Chad
2 items across 2 editions
No. III · Friday, 3 July 2026
More than 6,000 flee West Darfur town after RSF threats, most crossing into Chad
What? The UN's International Organization for Migration says roughly 6,005 people fled the town of Kulbus and three nearby villages in Sudan's West Darfur after Rapid Support Forces members threatened residents over their perceived support for the Sudanese army; most crossed the border into Chad. The Sudanese army has since claimed it retook Kulbus — a rare gain in western Darfur since El-Fasher's fall.
So what? Sudan's civil war continues to generate large, sudden cross-border displacement; while the primary flows remain regional, sustained conflict and state collapse in Sudan feed the broader pool of protracted-displacement populations that eventually appear in irregular-migration flows further along international routes that border authorities screen against.

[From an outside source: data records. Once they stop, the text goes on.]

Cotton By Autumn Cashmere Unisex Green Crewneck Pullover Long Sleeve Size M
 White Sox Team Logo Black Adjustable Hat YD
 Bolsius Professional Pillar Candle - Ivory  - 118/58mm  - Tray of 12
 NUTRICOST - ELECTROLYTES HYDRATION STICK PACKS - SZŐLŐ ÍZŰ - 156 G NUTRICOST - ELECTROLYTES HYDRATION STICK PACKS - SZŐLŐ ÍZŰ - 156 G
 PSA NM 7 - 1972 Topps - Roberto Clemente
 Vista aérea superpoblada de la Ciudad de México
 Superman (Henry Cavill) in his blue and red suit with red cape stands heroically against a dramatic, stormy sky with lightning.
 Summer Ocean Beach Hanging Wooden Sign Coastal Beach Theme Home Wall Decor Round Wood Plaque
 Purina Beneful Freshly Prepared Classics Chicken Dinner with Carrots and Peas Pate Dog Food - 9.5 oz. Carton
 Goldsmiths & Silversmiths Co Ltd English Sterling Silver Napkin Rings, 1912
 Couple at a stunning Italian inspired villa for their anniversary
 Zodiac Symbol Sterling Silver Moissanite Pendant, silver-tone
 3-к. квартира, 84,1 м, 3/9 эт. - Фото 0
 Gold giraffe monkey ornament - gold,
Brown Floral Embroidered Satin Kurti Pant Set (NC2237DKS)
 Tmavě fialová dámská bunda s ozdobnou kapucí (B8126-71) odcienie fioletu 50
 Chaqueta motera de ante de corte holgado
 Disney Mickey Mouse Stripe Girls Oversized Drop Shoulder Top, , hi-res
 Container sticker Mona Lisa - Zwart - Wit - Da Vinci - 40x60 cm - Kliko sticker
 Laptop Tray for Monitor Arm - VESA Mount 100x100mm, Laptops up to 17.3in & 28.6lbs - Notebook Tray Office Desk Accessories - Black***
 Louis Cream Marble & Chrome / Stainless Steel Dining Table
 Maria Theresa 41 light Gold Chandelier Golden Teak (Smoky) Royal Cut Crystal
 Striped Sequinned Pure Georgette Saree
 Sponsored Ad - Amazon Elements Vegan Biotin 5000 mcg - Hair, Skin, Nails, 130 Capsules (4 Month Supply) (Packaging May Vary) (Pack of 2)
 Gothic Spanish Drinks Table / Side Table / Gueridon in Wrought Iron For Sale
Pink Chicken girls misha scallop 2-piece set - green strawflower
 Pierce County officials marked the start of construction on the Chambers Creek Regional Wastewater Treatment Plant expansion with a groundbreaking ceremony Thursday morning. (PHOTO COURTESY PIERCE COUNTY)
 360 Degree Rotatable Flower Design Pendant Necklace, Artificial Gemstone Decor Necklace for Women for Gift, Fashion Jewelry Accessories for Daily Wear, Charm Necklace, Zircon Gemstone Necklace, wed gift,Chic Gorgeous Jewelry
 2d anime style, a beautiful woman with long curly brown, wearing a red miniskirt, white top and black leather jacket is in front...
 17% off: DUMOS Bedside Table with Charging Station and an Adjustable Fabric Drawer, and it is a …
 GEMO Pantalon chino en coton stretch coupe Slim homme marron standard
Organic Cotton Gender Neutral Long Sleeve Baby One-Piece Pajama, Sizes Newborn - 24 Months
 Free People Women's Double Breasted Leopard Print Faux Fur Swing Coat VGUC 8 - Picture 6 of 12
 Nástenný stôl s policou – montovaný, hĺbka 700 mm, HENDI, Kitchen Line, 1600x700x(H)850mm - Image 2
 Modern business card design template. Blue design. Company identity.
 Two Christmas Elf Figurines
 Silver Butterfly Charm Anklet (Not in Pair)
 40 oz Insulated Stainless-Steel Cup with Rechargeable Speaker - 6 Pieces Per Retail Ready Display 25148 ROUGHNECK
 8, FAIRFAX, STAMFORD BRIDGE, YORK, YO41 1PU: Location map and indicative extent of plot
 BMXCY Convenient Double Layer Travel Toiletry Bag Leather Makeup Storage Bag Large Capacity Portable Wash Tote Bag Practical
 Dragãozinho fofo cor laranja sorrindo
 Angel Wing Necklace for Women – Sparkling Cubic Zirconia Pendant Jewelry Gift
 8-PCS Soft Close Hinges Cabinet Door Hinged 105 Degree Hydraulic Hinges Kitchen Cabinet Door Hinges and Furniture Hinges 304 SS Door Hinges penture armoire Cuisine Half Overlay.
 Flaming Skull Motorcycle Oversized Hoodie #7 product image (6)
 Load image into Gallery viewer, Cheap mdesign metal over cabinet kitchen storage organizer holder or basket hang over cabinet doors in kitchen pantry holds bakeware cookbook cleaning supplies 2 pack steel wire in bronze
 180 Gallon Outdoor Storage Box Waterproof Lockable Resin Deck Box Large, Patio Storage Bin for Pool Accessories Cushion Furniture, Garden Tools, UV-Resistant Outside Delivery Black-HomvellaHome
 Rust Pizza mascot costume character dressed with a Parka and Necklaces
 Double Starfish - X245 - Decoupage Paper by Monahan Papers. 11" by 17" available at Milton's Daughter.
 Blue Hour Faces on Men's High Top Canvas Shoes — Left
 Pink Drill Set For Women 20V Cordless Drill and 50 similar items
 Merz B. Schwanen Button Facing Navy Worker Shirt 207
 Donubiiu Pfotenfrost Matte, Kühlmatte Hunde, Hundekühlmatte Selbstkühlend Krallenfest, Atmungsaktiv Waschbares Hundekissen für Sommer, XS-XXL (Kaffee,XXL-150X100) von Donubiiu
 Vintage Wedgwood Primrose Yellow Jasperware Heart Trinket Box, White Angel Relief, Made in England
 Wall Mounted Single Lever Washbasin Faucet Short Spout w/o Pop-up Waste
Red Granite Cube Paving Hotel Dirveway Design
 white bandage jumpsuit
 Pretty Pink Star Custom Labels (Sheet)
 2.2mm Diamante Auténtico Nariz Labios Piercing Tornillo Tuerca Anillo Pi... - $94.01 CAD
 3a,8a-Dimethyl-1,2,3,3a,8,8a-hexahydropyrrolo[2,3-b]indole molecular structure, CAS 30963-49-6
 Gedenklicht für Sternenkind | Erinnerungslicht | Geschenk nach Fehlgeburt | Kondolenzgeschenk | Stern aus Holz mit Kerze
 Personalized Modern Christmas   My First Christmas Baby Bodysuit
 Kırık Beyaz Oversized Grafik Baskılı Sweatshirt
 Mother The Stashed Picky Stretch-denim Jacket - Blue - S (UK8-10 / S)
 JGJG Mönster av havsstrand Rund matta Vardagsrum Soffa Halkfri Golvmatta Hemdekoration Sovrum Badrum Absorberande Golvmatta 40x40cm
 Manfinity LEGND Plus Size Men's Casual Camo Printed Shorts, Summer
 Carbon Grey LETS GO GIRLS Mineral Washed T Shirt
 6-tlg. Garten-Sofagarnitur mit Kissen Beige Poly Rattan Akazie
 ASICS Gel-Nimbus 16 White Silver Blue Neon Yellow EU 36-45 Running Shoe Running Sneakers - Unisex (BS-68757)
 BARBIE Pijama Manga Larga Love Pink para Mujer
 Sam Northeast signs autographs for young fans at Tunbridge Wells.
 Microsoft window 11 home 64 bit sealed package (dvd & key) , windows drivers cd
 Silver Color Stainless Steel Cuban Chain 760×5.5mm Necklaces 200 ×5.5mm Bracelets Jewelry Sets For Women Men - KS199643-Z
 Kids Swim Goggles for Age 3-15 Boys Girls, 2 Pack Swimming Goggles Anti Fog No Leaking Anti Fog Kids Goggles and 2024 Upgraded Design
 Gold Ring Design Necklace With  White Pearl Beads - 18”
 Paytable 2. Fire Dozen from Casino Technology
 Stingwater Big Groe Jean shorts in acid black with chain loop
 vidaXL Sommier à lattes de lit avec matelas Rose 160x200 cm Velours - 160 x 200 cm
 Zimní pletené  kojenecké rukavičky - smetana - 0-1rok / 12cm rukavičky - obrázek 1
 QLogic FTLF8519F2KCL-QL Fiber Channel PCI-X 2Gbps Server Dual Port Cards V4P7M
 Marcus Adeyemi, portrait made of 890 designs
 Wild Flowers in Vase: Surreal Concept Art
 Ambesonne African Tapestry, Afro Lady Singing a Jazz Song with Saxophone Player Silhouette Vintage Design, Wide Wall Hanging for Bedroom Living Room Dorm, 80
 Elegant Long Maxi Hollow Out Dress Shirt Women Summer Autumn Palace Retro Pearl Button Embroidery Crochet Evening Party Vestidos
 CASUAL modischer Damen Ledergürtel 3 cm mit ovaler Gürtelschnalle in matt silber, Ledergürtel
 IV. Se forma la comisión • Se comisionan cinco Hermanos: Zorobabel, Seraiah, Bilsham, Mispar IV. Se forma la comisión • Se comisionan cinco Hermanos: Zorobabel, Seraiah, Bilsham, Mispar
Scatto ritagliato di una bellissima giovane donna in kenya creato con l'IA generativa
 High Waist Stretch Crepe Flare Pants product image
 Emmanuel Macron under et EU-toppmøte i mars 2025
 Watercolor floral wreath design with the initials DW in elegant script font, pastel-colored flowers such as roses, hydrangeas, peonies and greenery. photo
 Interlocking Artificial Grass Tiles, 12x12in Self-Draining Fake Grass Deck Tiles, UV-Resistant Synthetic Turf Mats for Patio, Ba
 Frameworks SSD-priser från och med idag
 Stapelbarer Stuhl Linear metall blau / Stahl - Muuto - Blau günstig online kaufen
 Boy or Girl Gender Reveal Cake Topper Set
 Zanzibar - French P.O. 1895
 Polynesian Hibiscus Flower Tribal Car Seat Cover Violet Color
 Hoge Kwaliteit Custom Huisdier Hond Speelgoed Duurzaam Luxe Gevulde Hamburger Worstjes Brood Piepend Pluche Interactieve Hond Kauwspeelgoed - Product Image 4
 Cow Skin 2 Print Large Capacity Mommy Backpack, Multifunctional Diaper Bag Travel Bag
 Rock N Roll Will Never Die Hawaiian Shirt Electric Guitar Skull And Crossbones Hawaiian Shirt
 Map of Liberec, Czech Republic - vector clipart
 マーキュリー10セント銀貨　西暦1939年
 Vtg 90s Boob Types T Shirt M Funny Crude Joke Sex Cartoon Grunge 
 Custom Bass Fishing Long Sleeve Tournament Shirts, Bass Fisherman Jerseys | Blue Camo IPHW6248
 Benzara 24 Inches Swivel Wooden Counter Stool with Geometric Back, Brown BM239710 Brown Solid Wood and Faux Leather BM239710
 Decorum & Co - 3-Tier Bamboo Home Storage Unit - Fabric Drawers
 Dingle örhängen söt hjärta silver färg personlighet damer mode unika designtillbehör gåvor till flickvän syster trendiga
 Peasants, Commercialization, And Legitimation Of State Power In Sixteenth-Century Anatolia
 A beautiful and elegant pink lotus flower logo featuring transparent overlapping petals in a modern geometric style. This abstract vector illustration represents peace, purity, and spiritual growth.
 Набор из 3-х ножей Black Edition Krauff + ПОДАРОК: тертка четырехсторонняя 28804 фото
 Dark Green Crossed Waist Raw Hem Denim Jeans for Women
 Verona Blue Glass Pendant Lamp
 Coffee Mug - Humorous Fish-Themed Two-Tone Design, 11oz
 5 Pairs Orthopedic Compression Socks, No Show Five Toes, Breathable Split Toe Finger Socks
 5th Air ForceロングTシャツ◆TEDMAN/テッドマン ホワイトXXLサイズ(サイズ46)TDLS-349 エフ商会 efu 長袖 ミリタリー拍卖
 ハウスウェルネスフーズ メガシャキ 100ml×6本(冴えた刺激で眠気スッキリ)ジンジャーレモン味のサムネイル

Developing · Sources: Anadolu Ajansı · Africanews (July 1–2, 2026)
No. I · Wednesday, 1 July 2026
Amnesty finds RSF crimes against humanity and ethnic cleansing in El Fasher; UN rights body convenes
What? A major Amnesty International report concludes the Rapid Support Forces committed crimes against humanity and ethnic cleansing — with acts that "may be relevant to genocide" — in the siege of El Fasher, North Darfur. The UN Human Rights Council is holding an urgent meeting; earlier UN fact-finding cited a genocidal campaign against non-Arab communities.
So what? Darfur atrocities are accelerating one of the world's largest displacement crises, feeding extra-continental migration and smuggling networks that increasingly reach the Western Hemisphere — a downstream traveler-screening exposure to watch rather than a near-term threat to forward border footprints.